A key element of Future Farm is OFE, in this case ‘N strips’, designed to test the yield and protein response to applied N. We think that this is an essential component of optimising decision making for the simple reason that every farm and field is different. All the Future Farm OFE included three application rates: a zero N rate, a farm decision N rate (that is, the grower’s best estimate of requirement) and a high N rate that ensures N should be non-limiting. The N rate treatments are placed adjacent to each other in strips (Figure 2) and are applied to run through zones of predetermined potential management classes in each field. In addition to providing key input to the various methods used to develop an N recommendation (Table 1), our OFE was also used as the basis for calculating partial profit (harvest income minus expenditure on fertiliser) response functions using the applied N rates, yield and protein data gathered using harvester-mounted yield and protein monitors along the trials, combined with financial information reflecting average grain grade sale prices and average urea fertiliser costs.

Figure 2. An example of a Future Farm strip trial, in this case, in a 64ha paddock near Tarlee, SA.

Figure 2. An example of a Future Farm strip trial, in this case, in a 64ha paddock near Tarlee, SA.

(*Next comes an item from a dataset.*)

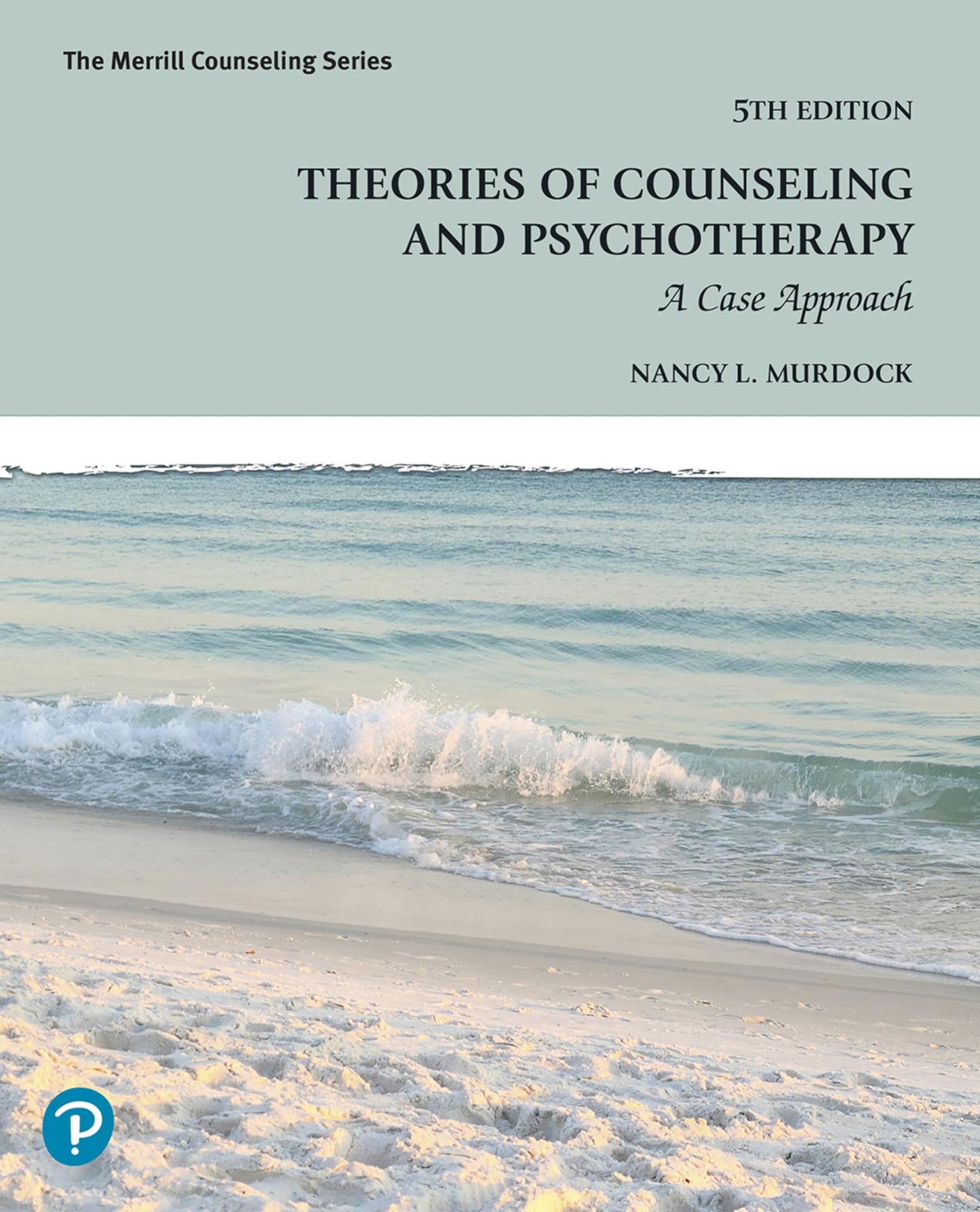 Theories of Counseling and Psychotherapy: A Case Approach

Table 1: Methods included for in-season prediction of nitrogen requirement.

Label

Description

Grower

Grower decision for application rate (that is, the host grower’s chosen rate).

EONR

Observed rate that maximised partial profit (Economic Optimal N rate).

Max yield

Observed rate that maximised grain yield.

Max N removal

Observed rate that maximised grain N removal.

NDVI CC

Inspired by the Crop Circle approach, the N rate that maximised the Crop Circle NDVI mid-season on the assumption that this maximises end-of-season yield. Note that Crop Circle is a proximal sensor that works in a similar way to the Greenseeker, TopCon CropSpec and similar sensors.

NDRE CC

As per NDVI CC but using NDRE instead of NDVI.

NDVI Sent

As per NDVI CC but instead using NDVI sourced from the Sentinel2 satellite.

NDRE Sent

As per NDVI Sent but using NDRE instead of NDVI.

DD (data abundance)

Data driven model in which a range of data sources are calibrated against economic optimal N rates (EONR) using random forest regression (Figure 3). In essence, this empirical approach provides a recommendation by assessing current site and season characteristics and relating those to past conditions for which optimal N rates are known. In this data abundance scenario, the site and season conditions at which the model is validated are well represented in the data used to build the model.

DD (data limited)

As above, but in a scenario of limited data; the site and season conditions at which the model is validated are not well represented in the data used to build the model which comes primarily from other fields.

N Suff CC

N sufficiency approach based on Crop Circle sensor data. This method is based on the N dilution curve which describes the relationship between plant biomass and plant %N. A target plant %N for fertilisation is set based on estimated crop biomass and an established N dilution model.

N Suff Sentinel

As above but using Sentinel2 satellite data.

MV (yield)

A machine vision approach based on prediction of optimal N rates for yield maximisation. This uses a tractor-mounted RGB camera coupled with detailed image analytics.

MV

(grain N removal)

As above but optimised against grain N removal.

Yield Resp Model

A simplified model of the yield and protein response of APSIM developed by using remote and proximally sensed data, and used to predict the EONR

Simplified mass balance

Simple mass balance calculation targeting local water-limited yield potential (Gobbett et al., 2017) and protein. Three variants are used: (a) deducts initial soil N from total N demand based on soil sampling; (b) assumes an arbitrary amount of starting soil; (c) does not account for any starting soil N.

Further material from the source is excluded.